Although the B2B segment continues to dominate e-commerce through its monetary volume, e-tail retains its pull-through power and high visibility. The direct access of the consumer to the Web will always dominate in our imagination. The first four papers in the present issue of the Journal research this e-commerce segment. Enduring relationships with the ever-expanding circles of customers are the holy grail sought by the firms in this space. The first paper, authored by Ling Xue, Gautam Ray, and Andrew B. Whinston, analyzes the effectiveness of strategic investment in technologies aiming at the creation and maintenance of consumers’ switching costs. The results of the analysis indicate that the incentives for firms to invest in the creation of such costs hinge-somewhat paradoxically-on the expected advantages in customer acquisition, rather than just on customer retention. Communication to customers of the benefits they may expect to accrue emerges as vital.

Price dispersion in e-tail has long given the lie to notions of a frictionless market. Zhiping Walter, Alok Gupta, and Bo-chiuan Su explain empirically some of the principal sources of this price variance. They use two fundamental theories to develop and test a model that explains how the pricing power of e-tailers is achieved for the appropriate product categories and with the salient service features. As a more sophisticated understanding of Web pricing develops, the advantages enjoyed by multi-channel retailers become more apparent. The work reported in this paper gives retailing firms more precise levers to control their spending on the Web, complements the preceding paper, and opens avenues for further progress in consumer-oriented e-commerce research.

Shopping engines are one of the myriad cybermediaries that have emerged on the Web, giving the lie to the disintermediation notions of old (i.e., of ten years ago). There are different ways to engage the consumer with the minimum effort yet in pursuit of search accuracy when accessing e-tail offerings via such an engine.
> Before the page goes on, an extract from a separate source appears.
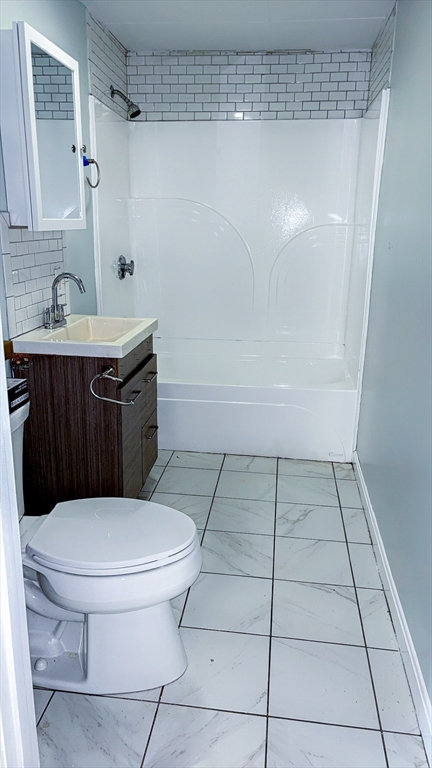 118 Maple St, Fall River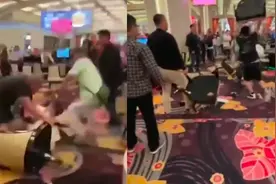 澳门赌场内两拨赌客抡凳混战 保安司：将禁止相关人士再入境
Arnold Kamis describes an experiment to determine the best way to design such an engine with these objectives in mind. Starting with four different engine designs, he recommends the search approach that indeed serves best.

Software agents can go beyond shopping engines both in their objective of persuading (rather than aiming at unbiased selection) and in the breadth of the spectrum of design options. Shiu-li Huang, Fu-ren Lin, and Yufei Yuan use a laboratory experiment to determine successful persuasion and bargaining strategies in the dealings of agents with customers. Their research finds a need for agent design to adapt to the characteristics of the customer during a session and show the cognitively motivated persuasion techniques that best communicate value to potential customers. This paper and the three preceding ones, taken together, offer a more textured understanding of e-tailing options.

In the concluding paper of the issue, Nitin Aggarwal, Qizhi Dai, and Eric Walden deploy an event-study methodology to investigate the impact of adopting open versus proprietary standards on the market value of adopting companies. The study is performed in the context of XML technology. Open standards benefit the industry where adoption occurs, but do they benefit individual firms? The results of this investigation-to the detriment of the greater good and societal welfare-show that financial markets value proprietary standards, even if the term may sound like an oxymoron.

The Editorial Board of IJEC is evolving. I would like to thank the outgoing members, Martin Goslar, Tomás Isakowitz, and Katherine Lemon, for their contributions. We have all benefited from them. It is my pleasure and privilege to welcome the incoming members of the Editorial Board. They are Kumar Bhaskaran of IBM Research, Thorsten Hennig-Thurau of Bauhaus-University of Weimar (Germany), Ming-Hui Huang of the National Taiwan University, Praveen K. Kopalle of Dartmouth College, and Peter C. Verhoef of the University of Groningen (The Netherlands). Their service on our Editorial Board will be of great value.